Given entries:

*** Begin section ***

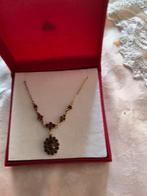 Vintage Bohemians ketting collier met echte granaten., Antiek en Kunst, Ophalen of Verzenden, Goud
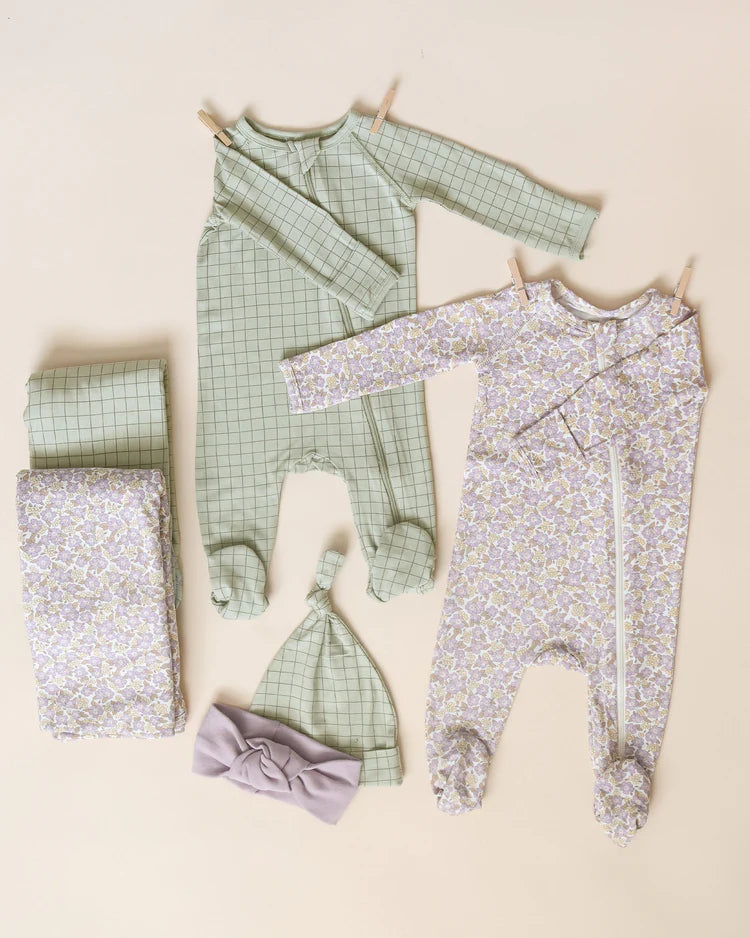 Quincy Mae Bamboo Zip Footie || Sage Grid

*** End section ***
*** Begin section ***

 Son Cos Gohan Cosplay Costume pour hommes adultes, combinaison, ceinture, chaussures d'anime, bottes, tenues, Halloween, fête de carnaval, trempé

*** End section ***

Work order: Transcribe, word for word, the stretch of lines in the data above from the one with "Vintage Bohemians ketting" through the one with "Quincy Mae Bamboo Zip Footie || Sage Grid"; omit all pictures.

Solution to the problem:
 Vintage Bohemians ketting collier met echte granaten., Antiek en Kunst, Ophalen of Verzenden, Goud
 Quincy Mae Bamboo Zip Footie || Sage Grid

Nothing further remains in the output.